Dos dez estados com maior média de abstenção eleitoral entre 1994 —
primeiro ano disponível na série histórica do Tribunal Superior
Eleitoral (TSE) — e 2010, sete aparecem entre os piores Índices de
Desenvolvimento Humano (IDH) do Brasil, segundo o estudo mais recente do
Programa das Nações Unidas para o Desenvolvimento (Pnud).
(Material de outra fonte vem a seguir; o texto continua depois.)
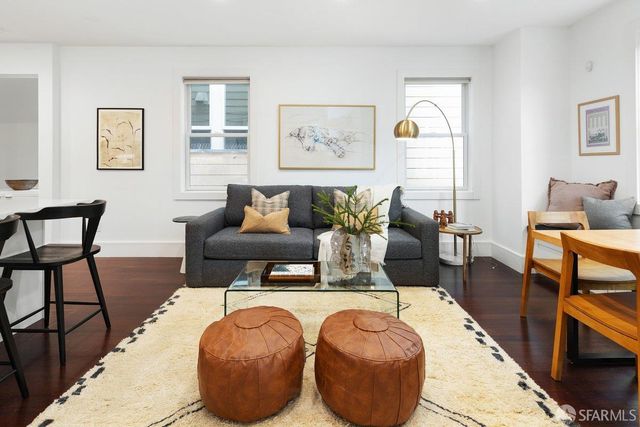 22 Abbey Street, San Francisco, CA 94114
— Quem menos participa são aqueles que
mais precisam participar. A falta de envolvimento político de setores
menos favorecidos da sociedade acaba reproduzindo as desigualdades e
deixando essas pessoas de fora do processo — alerta o professor.
Voto obrigatório
O Brasil é um dos 22 países no mundo em
que o voto é obrigatório. A enorme variação das taxas de abstenção entre
essas nações, entretanto, indica que fazer da participação eleitoral um
dever não é garantia de presença maciça ou de afastamento político.
A taxa brasileira de 18,12% de ausentes
está bem abaixo da média desses 22 países se consideradas apenas as
eleições mais recentes em cada um deles: 25,09%. A média apenas dos
países latino-americanos também supera a estatística brasileira: 25,01%.
Incluem-se aí, além do Brasil, Bolívia, Uruguai, Peru, Equador,
Argentina, Panamá, Costa Rica, Paraguai, México, Honduras e República
Dominicana.
Os extremos dessa lista de 22 mostram as
diferenças possíveis dentro de sistemas eleitorais semelhantes. Países
como Bolívia, Austrália, Cingapura e Luxemburgo não chegaram a 10% de
abstenção em seus últimos pleitos. Por outro lado, as taxas chegaram a
ultrapassar a casa dos 30% (Grécia, México), 40% (República Dominicana)
ou mesmo 50% (Tailândia).
Os especialistas consultados veem o Brasil num bom patamar de participação política.
— O eleitorado brasileiro é politizado,
sim. Boa parte da população se entusiasma na época de eleição — acredita
Acir Almeida, do Ipea.
— Há uma multiplicidade de ideias e de
representação política Brasil afora, e espaço para a discussão de temas
variados — completa o professor Manoel Leonardo Santos.